VERY interesting opinion from the WA Court of Appeals says that a “shaming” sentence for a defendant convicted of is unlawful. More specifically, the Sentencing Reform Act does NOT support a sentencing court’s requirement that a defendant convicted of Theft First Degree must stand on a street corner holding a sign that states, “I stole from kids. Charlotte Button.”
The defendant Charlotte Button was convicted for First Degree Theft for embezzling funds from a high school club. The trial court sentenced her to two months in jail and imposed an additional conditionwhich intended to “send a message to the community.” The court explained the sentencing condition: “Before you begin your jail time, you are going to spend 40 hours standing at the corner of Wishkah and Broadway with a sign that says, ‘I Stole Money From Kida. Charlotte Burton.’ You’re going to do it two hours at a time twice a day from 7:00 to 9:00 in the morning and 4:00 to 6:00 in the afternoon.” Along with the “public shaming condition, the judge also imposed 60 days jail.
Ms. Button appealed the “public shaming” portion of her sentence on the grounds that it violated her Constitutional Rights under the First Amendment and 8th Amendment of the Constitution. In other words, her Free Speech rights were violated and the judge’s sentence was arguably Cruel & Unusual Punishment.
The Court of Appeals decided that although Washington’s Sentencing Refor Act allows a number of sentencing alternatives – including drug treatment for drug offenders and sexual deviance treatment for sex offenders – “public shaming” is not a designated sentencing alternative. “Nor does any other Sentencing Reform Act provision independently authorize the sign-holding condition, which clearly requires Button to affirmatively engage in some conduct.
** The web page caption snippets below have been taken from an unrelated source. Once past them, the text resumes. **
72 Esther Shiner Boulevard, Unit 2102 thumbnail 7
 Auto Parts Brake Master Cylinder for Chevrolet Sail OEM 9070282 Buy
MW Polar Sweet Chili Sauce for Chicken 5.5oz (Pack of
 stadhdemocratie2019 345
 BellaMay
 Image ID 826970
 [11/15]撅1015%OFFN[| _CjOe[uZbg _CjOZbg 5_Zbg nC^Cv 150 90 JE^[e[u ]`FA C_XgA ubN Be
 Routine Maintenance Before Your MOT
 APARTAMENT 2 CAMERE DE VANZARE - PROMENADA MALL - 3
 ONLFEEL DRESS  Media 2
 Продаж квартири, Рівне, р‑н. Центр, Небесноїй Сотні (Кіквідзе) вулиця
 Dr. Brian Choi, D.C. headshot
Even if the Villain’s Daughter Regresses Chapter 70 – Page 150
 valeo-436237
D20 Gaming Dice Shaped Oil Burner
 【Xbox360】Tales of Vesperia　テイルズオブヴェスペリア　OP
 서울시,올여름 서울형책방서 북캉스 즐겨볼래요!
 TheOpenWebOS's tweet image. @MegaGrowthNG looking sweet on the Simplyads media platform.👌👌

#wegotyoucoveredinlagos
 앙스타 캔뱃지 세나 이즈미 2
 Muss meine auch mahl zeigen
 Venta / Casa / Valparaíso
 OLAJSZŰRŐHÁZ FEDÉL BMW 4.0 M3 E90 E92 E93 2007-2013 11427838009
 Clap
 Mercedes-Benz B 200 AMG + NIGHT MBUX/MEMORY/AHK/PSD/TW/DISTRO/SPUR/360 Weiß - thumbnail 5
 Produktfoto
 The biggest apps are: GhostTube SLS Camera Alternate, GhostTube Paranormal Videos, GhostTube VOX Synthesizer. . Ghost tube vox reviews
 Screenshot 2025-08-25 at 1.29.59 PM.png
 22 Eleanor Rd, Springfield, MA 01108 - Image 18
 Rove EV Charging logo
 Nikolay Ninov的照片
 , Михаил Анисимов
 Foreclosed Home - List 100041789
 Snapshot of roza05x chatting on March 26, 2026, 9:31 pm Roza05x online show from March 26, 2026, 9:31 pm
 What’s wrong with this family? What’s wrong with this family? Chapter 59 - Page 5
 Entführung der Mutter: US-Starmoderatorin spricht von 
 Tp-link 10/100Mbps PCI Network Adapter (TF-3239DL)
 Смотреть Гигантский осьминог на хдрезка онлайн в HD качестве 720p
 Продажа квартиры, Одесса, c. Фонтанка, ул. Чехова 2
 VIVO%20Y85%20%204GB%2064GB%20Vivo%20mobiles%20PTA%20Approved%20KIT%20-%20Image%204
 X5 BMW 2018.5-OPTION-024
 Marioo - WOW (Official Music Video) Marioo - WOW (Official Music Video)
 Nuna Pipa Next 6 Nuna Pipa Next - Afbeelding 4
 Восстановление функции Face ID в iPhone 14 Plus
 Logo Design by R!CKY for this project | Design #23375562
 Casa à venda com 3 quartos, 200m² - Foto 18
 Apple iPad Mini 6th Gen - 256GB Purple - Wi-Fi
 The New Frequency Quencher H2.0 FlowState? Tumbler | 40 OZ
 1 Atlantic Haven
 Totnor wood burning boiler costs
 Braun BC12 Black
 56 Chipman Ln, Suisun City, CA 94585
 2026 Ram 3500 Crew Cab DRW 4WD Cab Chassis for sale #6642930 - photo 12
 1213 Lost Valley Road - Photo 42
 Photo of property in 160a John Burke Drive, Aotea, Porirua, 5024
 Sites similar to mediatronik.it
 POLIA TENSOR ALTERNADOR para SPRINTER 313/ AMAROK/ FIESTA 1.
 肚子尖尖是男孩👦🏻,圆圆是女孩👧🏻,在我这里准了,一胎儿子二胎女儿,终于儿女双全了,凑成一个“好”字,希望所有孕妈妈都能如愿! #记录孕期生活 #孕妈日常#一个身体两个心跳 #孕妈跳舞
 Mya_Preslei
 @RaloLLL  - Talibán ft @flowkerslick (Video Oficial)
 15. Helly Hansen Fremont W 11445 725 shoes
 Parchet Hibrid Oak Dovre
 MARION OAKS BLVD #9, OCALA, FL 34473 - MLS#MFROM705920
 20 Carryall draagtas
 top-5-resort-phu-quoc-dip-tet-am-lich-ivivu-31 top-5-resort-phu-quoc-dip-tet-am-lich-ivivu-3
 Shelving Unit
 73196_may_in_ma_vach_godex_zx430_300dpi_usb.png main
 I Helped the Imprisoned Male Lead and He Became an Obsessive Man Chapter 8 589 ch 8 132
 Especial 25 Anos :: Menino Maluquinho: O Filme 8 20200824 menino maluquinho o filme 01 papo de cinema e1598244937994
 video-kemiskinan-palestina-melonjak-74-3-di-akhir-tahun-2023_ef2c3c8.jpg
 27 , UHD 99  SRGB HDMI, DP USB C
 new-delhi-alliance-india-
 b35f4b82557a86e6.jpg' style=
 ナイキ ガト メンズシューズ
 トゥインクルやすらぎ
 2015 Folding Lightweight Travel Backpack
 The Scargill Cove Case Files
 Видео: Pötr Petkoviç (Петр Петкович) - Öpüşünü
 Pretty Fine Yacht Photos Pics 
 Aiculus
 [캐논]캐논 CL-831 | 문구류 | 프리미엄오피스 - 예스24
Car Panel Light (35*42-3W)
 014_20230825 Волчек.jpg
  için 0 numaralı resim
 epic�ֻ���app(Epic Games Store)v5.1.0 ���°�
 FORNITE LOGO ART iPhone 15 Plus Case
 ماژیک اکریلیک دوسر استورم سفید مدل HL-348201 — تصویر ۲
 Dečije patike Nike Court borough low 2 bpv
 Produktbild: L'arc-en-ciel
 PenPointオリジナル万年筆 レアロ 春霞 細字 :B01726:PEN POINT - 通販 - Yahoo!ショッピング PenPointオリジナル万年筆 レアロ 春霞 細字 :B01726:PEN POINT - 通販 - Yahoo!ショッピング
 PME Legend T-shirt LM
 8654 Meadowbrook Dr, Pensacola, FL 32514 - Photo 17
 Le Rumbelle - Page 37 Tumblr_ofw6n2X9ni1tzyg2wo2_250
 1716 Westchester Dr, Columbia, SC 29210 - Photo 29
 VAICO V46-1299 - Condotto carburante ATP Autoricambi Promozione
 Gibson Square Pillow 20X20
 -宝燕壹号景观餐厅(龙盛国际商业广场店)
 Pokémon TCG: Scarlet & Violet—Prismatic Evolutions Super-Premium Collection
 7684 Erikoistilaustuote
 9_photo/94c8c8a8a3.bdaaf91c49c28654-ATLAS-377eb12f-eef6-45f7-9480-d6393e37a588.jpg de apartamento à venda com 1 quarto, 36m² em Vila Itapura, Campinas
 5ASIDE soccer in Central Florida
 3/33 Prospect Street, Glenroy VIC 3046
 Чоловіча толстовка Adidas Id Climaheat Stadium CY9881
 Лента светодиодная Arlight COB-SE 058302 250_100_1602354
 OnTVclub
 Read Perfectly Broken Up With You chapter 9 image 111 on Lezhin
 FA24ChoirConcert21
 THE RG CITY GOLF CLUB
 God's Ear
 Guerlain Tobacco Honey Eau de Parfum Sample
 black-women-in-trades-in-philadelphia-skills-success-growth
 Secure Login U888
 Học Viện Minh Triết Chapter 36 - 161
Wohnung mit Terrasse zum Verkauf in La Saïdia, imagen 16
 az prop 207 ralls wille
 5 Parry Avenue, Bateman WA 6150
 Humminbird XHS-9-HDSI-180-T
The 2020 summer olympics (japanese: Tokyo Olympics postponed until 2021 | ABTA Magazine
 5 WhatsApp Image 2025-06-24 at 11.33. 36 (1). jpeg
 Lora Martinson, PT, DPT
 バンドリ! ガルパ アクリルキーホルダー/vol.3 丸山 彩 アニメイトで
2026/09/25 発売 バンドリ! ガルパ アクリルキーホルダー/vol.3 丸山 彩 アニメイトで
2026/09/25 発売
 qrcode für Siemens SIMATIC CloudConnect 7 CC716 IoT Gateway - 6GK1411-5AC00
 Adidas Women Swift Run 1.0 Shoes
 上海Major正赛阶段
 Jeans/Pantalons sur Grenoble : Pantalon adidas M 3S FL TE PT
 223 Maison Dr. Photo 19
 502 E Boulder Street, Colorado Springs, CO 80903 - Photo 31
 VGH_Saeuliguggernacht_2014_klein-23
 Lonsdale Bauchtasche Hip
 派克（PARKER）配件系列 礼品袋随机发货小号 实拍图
Thus, there is no statutory authority allowing the imposition of a sign-holding condition in the first instance.”
The Court did not address Ms. Button’s Constitutional arguments.
My opinion? Good decision. It’s well-grounded in statory authority (and lack thereof). Sure, the defendant’s actions leading to the conviction were bad. Nevertheless, she paid her debt to society by serving a significant amount of jail (60 days). And I’m sure the court imposed restitution and court fines, as well. Good decision.